Als 1e denk ik aan het verhaal van Rachel de Vries en haar familie, haar Indisch-Nederlandse familie welteverstaan. Al jaren is zij vrijwilliger bij de Stichting Nationale Herdenking 15 augustus 1945. Zo is Rachel bijvoorbeeld actief als gastvrouw. Haar opa en vader zijn geboren en getogen op Banda Neira. Op 19 april 1942 werden de Banda-eilanden ingenomen door een Japanse marine-eenheid. Het gezin De Vries werd gevangen genomen en ze kwamen uiteindelijk gescheiden van elkaar terecht in 2 interneringskampen op Celebes. Over die periode heeft haar vader lang gezwegen. Op het moment dat zijn 2e vrouw overleed, stortte haar vader in en kwam alsnog het hele verleden los. Dat heeft Rachel ertoe gebracht om haar familiegeschiedenis uit te gaan zoeken, want haar opa had 4 broers die allemaal bij het KNIL zaten en in 1942 als krijgsgevangene naar verschillende plekken werden afgevoerd. Onder andere met de beruchte Hellships, waarover op dit moment een tijdelijke tentoonstelling is ingericht in Museum Sophiahof, hier in Den Haag. 2 broers moesten onder verschrikkelijke omstandigheden dwangarbeid verrichten aan de Birmaspoorweg. Een andere broer verbleef in verschillende kampen op Sumatra en werkte aan de Pakan Baroe-spoorweg. De laatste broer verbleef in een kamp op West-Java. 2 van hen kwamen om als gevolg van uitputting en ziekte. Vorig jaar oktober heeft de Inspecteur-Generaal der Krijgsmacht (IGK) op de Zwaluwenberg de verhalen van deze 5 broers verteld en aan 4 van hen postuum een Mobilisatie Oorlogskruis uitgereikt. Voor Rachel en haar familie was het een bijzondere en emotionele bijeenkomst. Juist ook omdat er na al die jaren erkenning was voor het leed en de pijn waar tot dan toe geen woorden aan waren gegeven.
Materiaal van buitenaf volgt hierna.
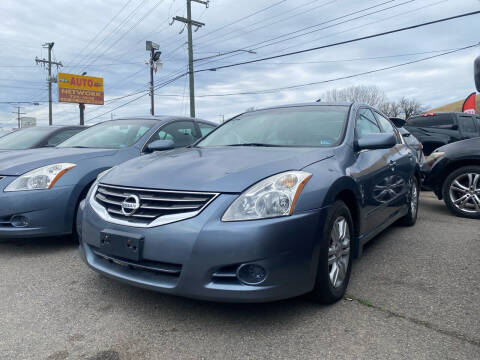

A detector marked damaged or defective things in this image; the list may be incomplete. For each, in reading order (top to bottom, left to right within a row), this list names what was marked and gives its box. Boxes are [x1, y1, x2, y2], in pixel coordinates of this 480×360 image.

pavement crack [344, 294, 480, 348]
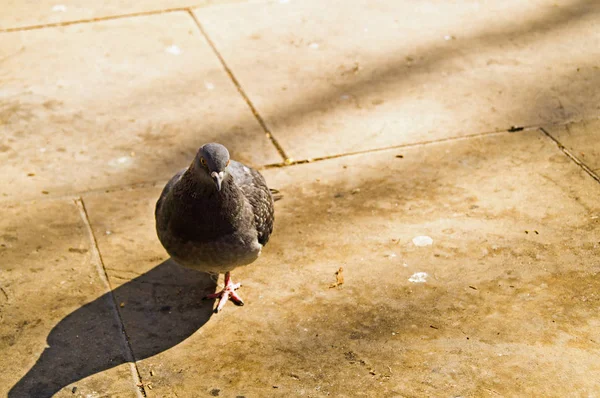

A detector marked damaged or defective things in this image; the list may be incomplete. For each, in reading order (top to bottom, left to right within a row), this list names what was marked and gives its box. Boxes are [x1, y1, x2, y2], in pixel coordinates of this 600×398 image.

crack in concrete [188, 7, 290, 161]
crack in concrete [540, 127, 600, 185]
crack in concrete [74, 197, 146, 396]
Soms gaat het ook om eerherstel. Dat is wat Kirsten Goote-Vos en haar familie meemaakten. Misschien kent u haar als de oprichter van het platform Indisch 3.0. Dit verwijst naar derde en latere generaties Indische Nederlanders, die geen eigen herinneringen hebben aan de komst naar Nederland. Deze latere generaties hebben meer emotionele afstand tot de vaak pijnlijke ervaringen en kunnen vragen stellen die voor hun ouders en grootouders ondenkbaar waren. Overigens is Kirsten familie van Bol Kerrebijn, de KNIL-veteraan die lang een heel zichtbare rol had tijdens de herdenking. Kirsten heeft zich de afgelopen jaren verdiept in het verhaal van haar oudoom Paul Schönherr. Afgelopen april vertelde zij haar verhaal in Bronbeek. Haar oudoom was wachtmeester 1e klas der Cavalarie, actief als KNIL-adviseur bij het Eskadron Lijfwacht. Hij sneuvelde op 3 augustus 1947, 1 dag voor het einde van operatie Product. Onder verdachte omstandigheden. En juist dat maakte dit verhaal tot een soort familiegeheim.

Doordat Kirsten in 2016, bijna 70 jaar later, postuum een Mobilisatie Oorlogskruis én een Ereteken voor Orde en Vrede aanvroeg voor haar oudoom, ontdekte zij hoe het echt gegaan was. Was dit eerder bekend geweest, dan was haar familie veel verborgen verdriet bespaard gebleven. Op de Zwaluwenberg werd haar familie met alle egards ontvangen en de toenmalige IGK, generaal Bart Hoitink, sprak daar de woorden: ‘Wat er vandaag gebeurt, is eerherstel voor je oudoom’.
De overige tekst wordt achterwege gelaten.